Que te duele la cabeza. ¡¡Eeeh!! Que a veces es verdad!! En serio, a nosotras también nos duele la cabeza y sólo es que nos duele, no significa que no queramos acostarnos con vosotros porque no la tenéis del tamaño de un extintor y os estáis quedando calvos. Lo que les mosquea, tú…Y como te duela un par de días seguidos, ya se quieren ir de putas…qué poco aguante!!

Cualquier cosa relacionada con su madre. ¡¡Campo de minas!! Def con 2!! Puesta a la defensiva automática. Pero tíos, si 2 de cada 3 veces que nuestras madres nos dicen algo, nos toca las narices, el porcentaje de que nos las toque lo que nos dicen vuestras madres es 4 de cada 5 veces. Y eso es tan habitual como que nos duela la cabeza después de un día de curro salvaje y regla recién estrenada.

Corregirle. Ya sabéis lo que quiero decir. Un HOMBRE jamás se equivoca. Ni de camino, ni del número de veces en que Rossi ha ganado el mundial de motos ni de dónde está el clítoris de su nueva follamiga. Ni se te ocurra corregirle o desatarás las 10 plagas bíblicas!!

NO debes decirle nunca a una mujer...

Vieja, mayor, de edad avanzada... Diosss. Esos son términos absolutos, tío!! O está clarísimo que te saca 25 años o no la llames mayor, sino “eres mayor que yo”. Está claro que una señora de 80 años es vieja, pero también lo es una de 25 para uno de 15. Lo de vieja, bórralo de tu vocabulario. Y lo mismo digo para la soplapollez esa de que te conservas bien. Si te parece que se conserva bien, le dices que está estupenda y punto.

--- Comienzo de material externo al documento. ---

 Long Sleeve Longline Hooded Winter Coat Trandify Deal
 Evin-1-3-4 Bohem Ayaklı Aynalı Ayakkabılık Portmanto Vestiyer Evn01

Gorda. Si le sobran 30 kilos, es evidente que es gorda, y ella lo sabe y lo lleva con salero, o con dignidad, o como puede y las cabronas de sus glándulas le dejan. Pero si le sobran 8 o 10 kilos (o lo que es peor, si TÚ crees que le sobran 8 kilos pero a lo mejor ella cree que está genial como está), puedes hundirla en la miseria. ¿Quién necesitaba tu opinión, Calamar con micropene? Si le sobran kilos, seguro tiene un buen par de tetas. ¡¡Céntrate en eso, so lila!!

Fea. Ostras, es uno de los peores insultos que le puedes decir a una mujer, sobre todo en público. Con lo simple que parece. Debe de doler en el alma que alguien a quien estás intentado impresionar te diga: ¡Cállate, Fea! Ufff, directa al centro de la diana. Ni eres un cardo, ni un pie (esa me encanta para decírsela a un tío: Tía, el nuevo novio de fulanita es un pie.) Sólo fea. Son las tres letras más crueles del abecedario.

Puta. Ja,ja,ja, ¡Que va!! Está taaaan sobado que ya ni ofende. Es lo primero que os sale de la boca cuando una mujer no os da lo que esperábais. Puta, zorra, guarra o equivalentes. Dadle otra pensada al término, venga, que lo de puta ya aburre.

Que parece su madre. Iiiiuuuuug….Doloooooooor. Os cuento un secreto. Uno de los principales objetivos de las mujeres cuando llegan a adultas es NO parecerse a sus madres en nada. Aunque las quieran con locura. Es más, aunque algunas seamos madres….¡no queremos parecer madres!!!!! Pues si no queremos parecer “madres en general” imagínate que te digan que pareces TU madre!!!